▸ Exercise aim:
Report each line of the data that has "large" somewhere in it.

+===+

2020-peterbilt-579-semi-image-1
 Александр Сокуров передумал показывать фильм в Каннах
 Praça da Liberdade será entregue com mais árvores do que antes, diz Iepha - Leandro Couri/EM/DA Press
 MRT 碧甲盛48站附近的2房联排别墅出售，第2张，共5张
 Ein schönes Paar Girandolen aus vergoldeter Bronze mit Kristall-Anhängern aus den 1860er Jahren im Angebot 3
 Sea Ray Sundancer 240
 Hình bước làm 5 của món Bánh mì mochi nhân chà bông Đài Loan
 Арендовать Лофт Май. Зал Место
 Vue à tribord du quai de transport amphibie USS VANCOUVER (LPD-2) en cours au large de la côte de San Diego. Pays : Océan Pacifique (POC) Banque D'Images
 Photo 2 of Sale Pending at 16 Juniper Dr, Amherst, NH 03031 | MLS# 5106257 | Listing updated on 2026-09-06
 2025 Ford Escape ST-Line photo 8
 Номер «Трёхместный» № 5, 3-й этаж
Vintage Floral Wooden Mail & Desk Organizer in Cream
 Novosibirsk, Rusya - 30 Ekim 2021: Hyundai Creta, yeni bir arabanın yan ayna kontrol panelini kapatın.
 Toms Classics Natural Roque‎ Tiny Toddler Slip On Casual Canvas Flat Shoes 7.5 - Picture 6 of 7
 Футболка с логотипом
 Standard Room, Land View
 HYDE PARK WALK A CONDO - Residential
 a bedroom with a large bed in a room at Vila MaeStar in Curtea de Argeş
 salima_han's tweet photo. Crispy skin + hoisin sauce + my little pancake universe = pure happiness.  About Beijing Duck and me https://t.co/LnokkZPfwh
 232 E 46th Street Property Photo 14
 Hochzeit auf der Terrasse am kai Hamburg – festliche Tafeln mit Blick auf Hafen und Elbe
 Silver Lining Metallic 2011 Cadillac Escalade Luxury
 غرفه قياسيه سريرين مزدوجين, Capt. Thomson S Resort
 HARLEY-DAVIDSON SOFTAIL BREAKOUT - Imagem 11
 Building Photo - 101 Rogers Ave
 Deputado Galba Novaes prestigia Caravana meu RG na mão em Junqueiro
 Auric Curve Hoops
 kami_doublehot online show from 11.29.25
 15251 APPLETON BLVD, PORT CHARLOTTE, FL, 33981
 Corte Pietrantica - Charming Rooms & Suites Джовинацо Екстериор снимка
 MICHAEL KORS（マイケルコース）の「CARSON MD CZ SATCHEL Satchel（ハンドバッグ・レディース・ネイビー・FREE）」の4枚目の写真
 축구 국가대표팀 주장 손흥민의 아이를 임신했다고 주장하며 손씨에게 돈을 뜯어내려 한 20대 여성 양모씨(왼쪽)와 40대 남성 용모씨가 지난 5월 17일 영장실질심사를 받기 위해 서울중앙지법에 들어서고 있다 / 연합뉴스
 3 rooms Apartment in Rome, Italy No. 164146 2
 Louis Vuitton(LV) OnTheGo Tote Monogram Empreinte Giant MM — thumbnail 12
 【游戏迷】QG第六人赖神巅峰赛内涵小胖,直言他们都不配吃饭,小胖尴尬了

+===+

▸ Task response:
 Vue à tribord du quai de transport amphibie USS VANCOUVER (LPD-2) en cours au large de la côte de San Diego. Pays : Océan Pacifique (POC) Banque D'Images
 a bedroom with a large bed in a room at Vila MaeStar in Curtea de Argeş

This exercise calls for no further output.